Jul 2019

CRAZY RICH DECOR

From the small screen to the Silver screen, alumnus Andrew Baseman sets the scene in Hollywood

By Amanda S.F. Hartle

An award-winning set decorator for blockbuster films and top television shows, Andrew Baseman (A 1982) immerses viewers in lush, vibrant scenes from wildly varied times and places. 

From the stunning homes and weddings of Singapore’s elite in “Crazy Rich Asians” to the everyday existence of Russian spies in 1980s Washington, D.C., in “The Americans” to the fantasy-tinged, superhero world of “Gotham,” his Carnegie Mellon University training has been with him for every fabric, ceramic and furniture selection along the way.

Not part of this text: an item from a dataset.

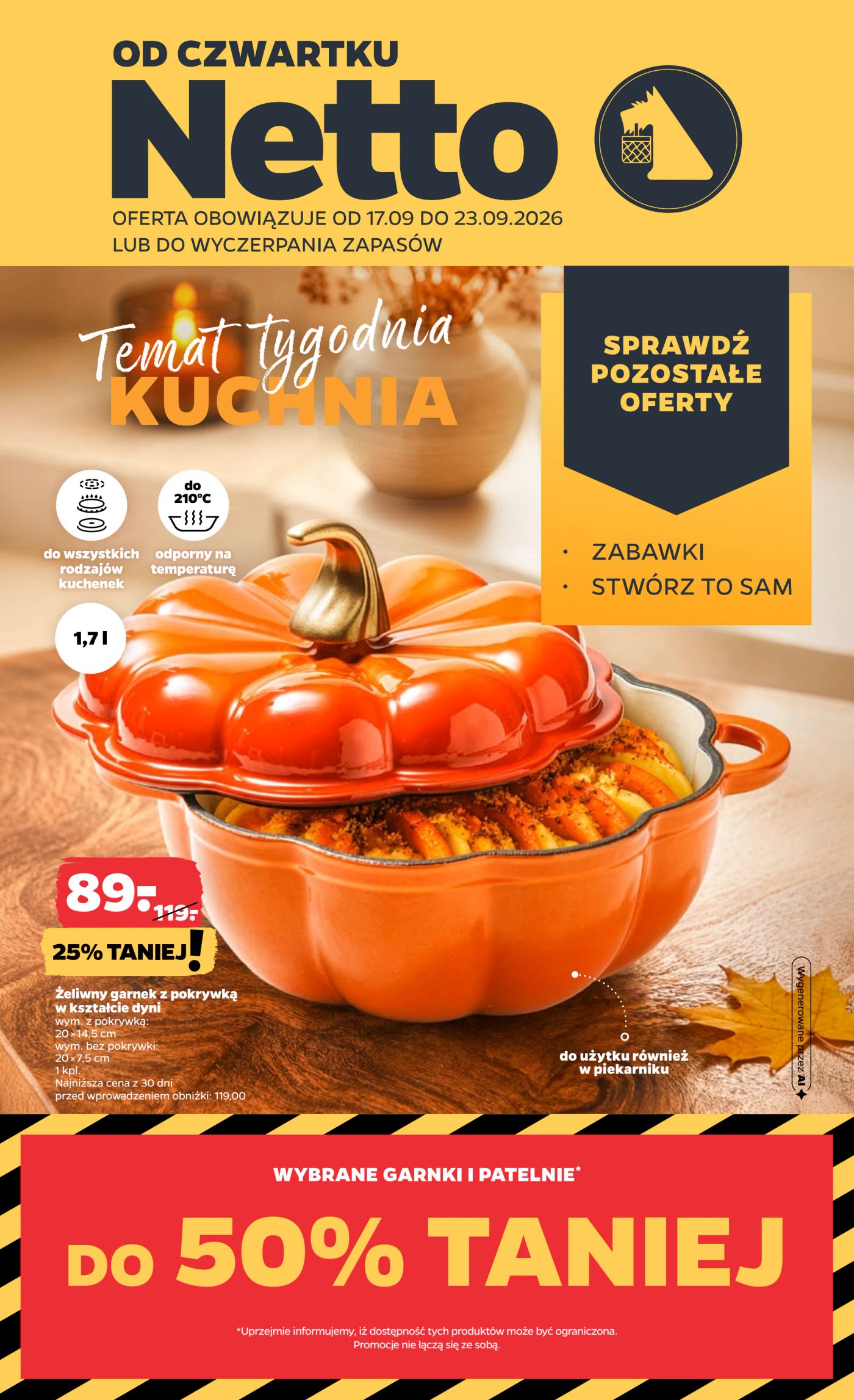 netto - Nowa gazetka Netto - Non Food ważna od 17.09.2026 do 23.09.2026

“One thing I learned from Carnegie Mellon, you need to be a jack-of-all-trades and learn all periods. You’re doing Shakespeare. You’re doing contemporary. You’re doing futuristic,” says Baseman. “You have to be able to design sets that are appropriate for each scenario.”

This expansive mentality stretches far beyond his day job. Baseman is the curator of arguably the world’s largest collection of antiques with inventive repairs, known as make-dos, which he discusses in his blog “Past Imperfect: The Art of Inventive Repair.” He is also the author of “The Scarf,” detailing the art behind many wearable designs and inspired by the first scarf he bought as a first-year student at CMU, as well as the owner of an interior design company.

Currently, he’s on-location shooting the anticipated film adaptation of Lin-Manuel Miranda’s Tony Award-winning musical “In the Heights” in New York City’s Washington Heights neighborhood.

His attention to detail while on a project like this ensures accurate representation of the many diverse lives featured in the film.

“We’re doing a lot of intensive research, getting pictorial references and seeing a lot of interiors to show the differences between Dominican, Puerto Rican and Cuban homes. We want to make sure those interiors are accurate, but also since it’s a musical, it will be heightened reality. It’s not a documentary, so we have to make it lively and colorful,” he explains. “You are walking a fine line between those worlds.” 

His commitment to accuracy stretches back to his days as a CMU undergraduate when he designed sets for “Loot” by Joe Orton and costumes for “Shout Across the River” by Stephen Poliakoff.

Both plays were set in contemporary, working-class England — a world alien to a college student living in western Pennsylvania who spent his high school years in a New England boarding school. In those pre-internet days, he found it difficult to research the very specific topics. Ever resourceful, he turned to English faculty or classmates for first-person specifics.

“After I graduated, I went to England and looked up Stephen Poliakoff, who is now a director and writer for many BBC productions. I showed him the pictures of the production, and he said I got it just right,” he recalls.

During his career, he’s welcomed viewers into the motion picture spaces he’s created for Liam Neeson in “Kinsey,” Mark Ruffalo in “The Normal Heart” and Julia Roberts in “Eat Pray Love” and the television homes and offices in “Spin City,” “Smash” and “Mindhunter.”

His recent Art Directors Guild Award-winning work for “Crazy Rich Asians” was a whirlwind as he traveled halfway around the globe with only five weeks to prep more than 68 scenes with a new crew, new assistants and newly established connections for props and his beloved antiques.

“Everything was foreign to me – literally and figuratively. Luckily, I inherited a crew that was fantastic and really resourceful,” he says. “We had no idea when we were making (the movie), it would become what it became, so that was exciting.”

He most assuredly never envisioned the Singapore-set film with its iconic water-filled wedding ceremony and antique-accented mansions connecting him to his college hometown.

While renting a home near The Frick Pittsburgh during the filming of “Mindhunter,” Basemen often found himself wandering the museum and its grounds. At the same time, he blogged about the ceramics and make-dos he’d incorporated into “Crazy Rich Asians” sets.

His blog post caught the eye of The Frick’s chief curator who asked him to write about the ceramic vases he had found in a Malaysia antique shop and used as focal pieces in a plant-filled conservatory in the film. “Setting the Scene: Ceramics in Crazy Rich Asians” now hangs beside two similar vases from the museum’s collection in the current Chinese Ceramics exhibit. 

He also found his way back to CMU’s campus for the first time in decades and stopped by the Kresge Theatre where he had spent countless hours. Backstage, among the many oversized, painted cast lists, he found where he had left his mark in 1982.

“It was an intense program that immediately threw you into what a professional experience would be. It was a great way to learn the craft and immerse ourselves to learn what it takes to design, build and put on a show,” he reflects. “It was very poignant to go back to Kresge, and I felt really proud to be a part of it. I went backstage, and I saw my name up there. A little flaking and peeling, but it was still there.”